Problem: Transcribe the listing below verbatim, omitting pictures.

Data records:
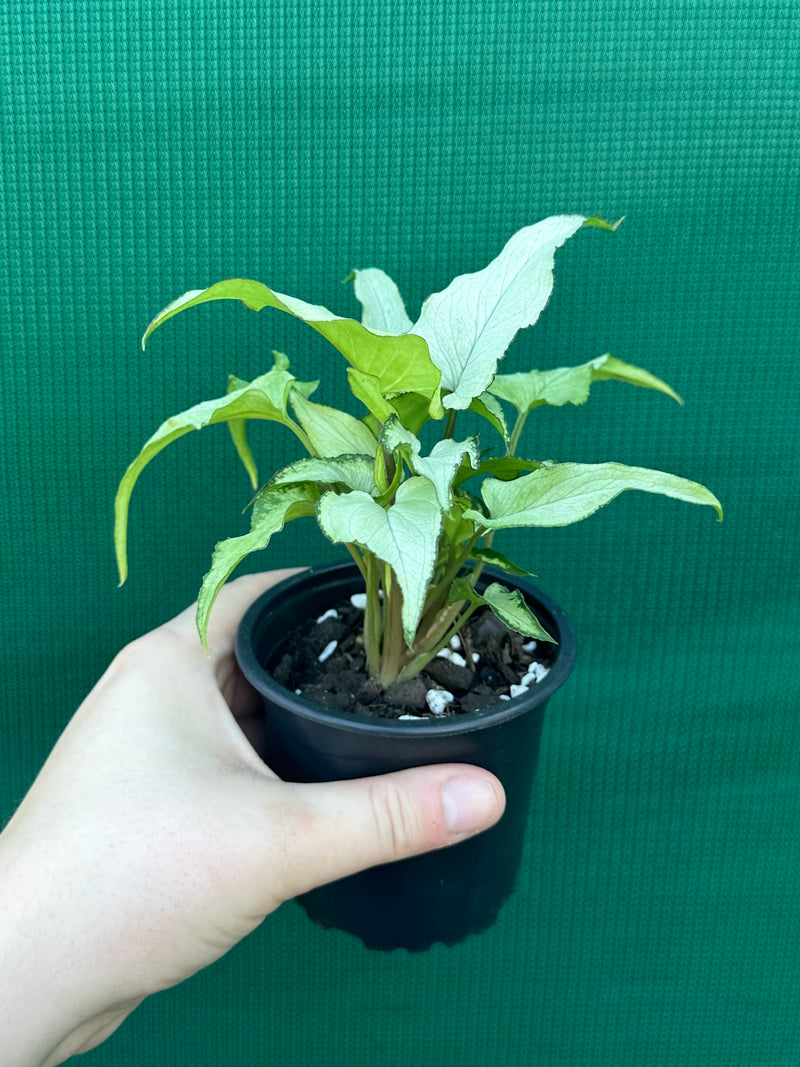 Syngonium ‘Silver Fox’ NEW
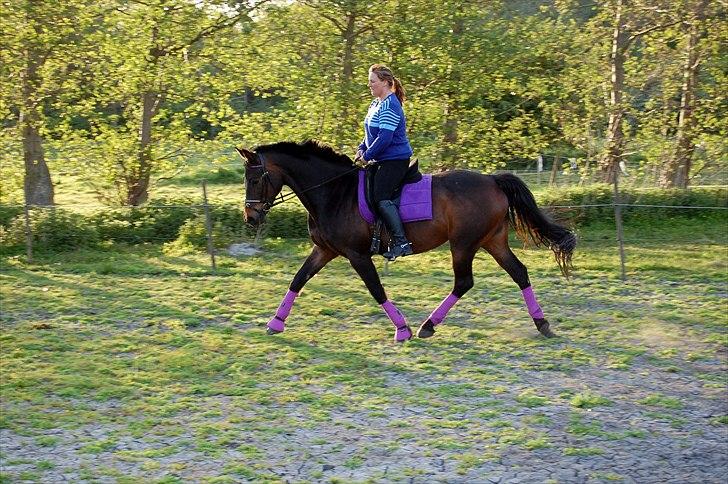 Holstener Magic billede 15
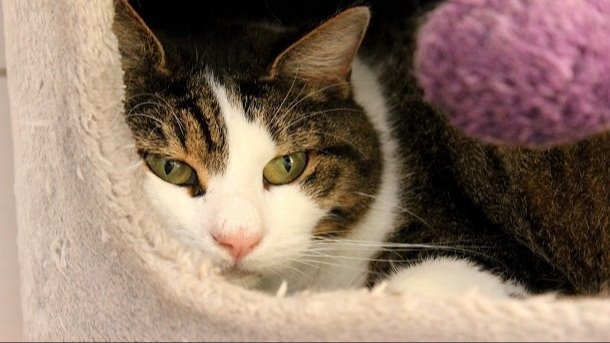 Refuge de Cottendart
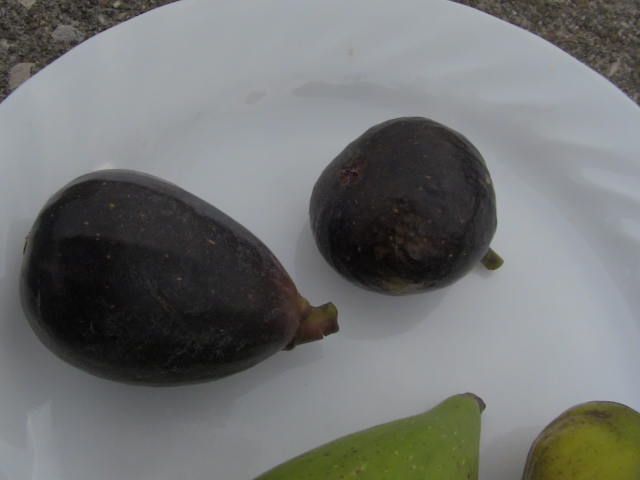  photo neroonleftotherfigonright_zps0ceeeb8b.jpg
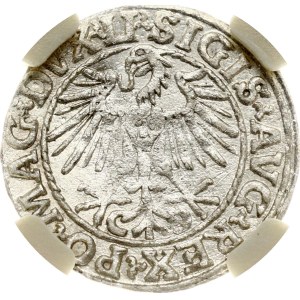 Lithuania Polgrosz 1548 Vilnius NGC MS 62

Result of the exercise:
 Syngonium ‘Silver Fox’ NEW
 Holstener Magic billede 15
 Refuge de Cottendart
  photo neroonleftotherfigonright_zps0ceeeb8b.jpg
 Lithuania Polgrosz 1548 Vilnius NGC MS 62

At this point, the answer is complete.